Go through the listing below from the line containing "Picture of Prada Handbags _SKUfw181355175fw" to its last line, retyping each line exactly and nothing else.

(Supplied information):
▼

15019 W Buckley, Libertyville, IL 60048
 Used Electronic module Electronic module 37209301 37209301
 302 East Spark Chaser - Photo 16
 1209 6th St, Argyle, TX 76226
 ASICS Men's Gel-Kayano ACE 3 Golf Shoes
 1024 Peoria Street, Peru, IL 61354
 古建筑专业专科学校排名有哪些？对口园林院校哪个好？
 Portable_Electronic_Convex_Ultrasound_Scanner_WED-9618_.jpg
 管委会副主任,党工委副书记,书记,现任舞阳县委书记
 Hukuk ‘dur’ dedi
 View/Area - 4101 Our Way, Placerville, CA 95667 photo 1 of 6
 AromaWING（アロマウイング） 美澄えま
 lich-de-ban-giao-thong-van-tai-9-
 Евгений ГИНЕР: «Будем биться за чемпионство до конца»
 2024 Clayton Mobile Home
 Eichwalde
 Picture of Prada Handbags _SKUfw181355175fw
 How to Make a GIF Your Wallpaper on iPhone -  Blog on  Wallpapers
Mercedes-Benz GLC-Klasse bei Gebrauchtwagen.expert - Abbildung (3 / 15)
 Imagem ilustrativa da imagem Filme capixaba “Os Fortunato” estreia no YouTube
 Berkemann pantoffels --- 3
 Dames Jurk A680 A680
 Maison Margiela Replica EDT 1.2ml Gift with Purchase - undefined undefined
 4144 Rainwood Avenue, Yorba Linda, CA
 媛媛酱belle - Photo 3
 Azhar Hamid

▲

(Reply):
 Picture of Prada Handbags _SKUfw181355175fw
 How to Make a GIF Your Wallpaper on iPhone -  Blog on  Wallpapers
Mercedes-Benz GLC-Klasse bei Gebrauchtwagen.expert - Abbildung (3 / 15)
 Imagem ilustrativa da imagem Filme capixaba “Os Fortunato” estreia no YouTube
 Berkemann pantoffels --- 3
 Dames Jurk A680 A680
 Maison Margiela Replica EDT 1.2ml Gift with Purchase - undefined undefined
 4144 Rainwood Avenue, Yorba Linda, CA
 媛媛酱belle - Photo 3
 Azhar Hamid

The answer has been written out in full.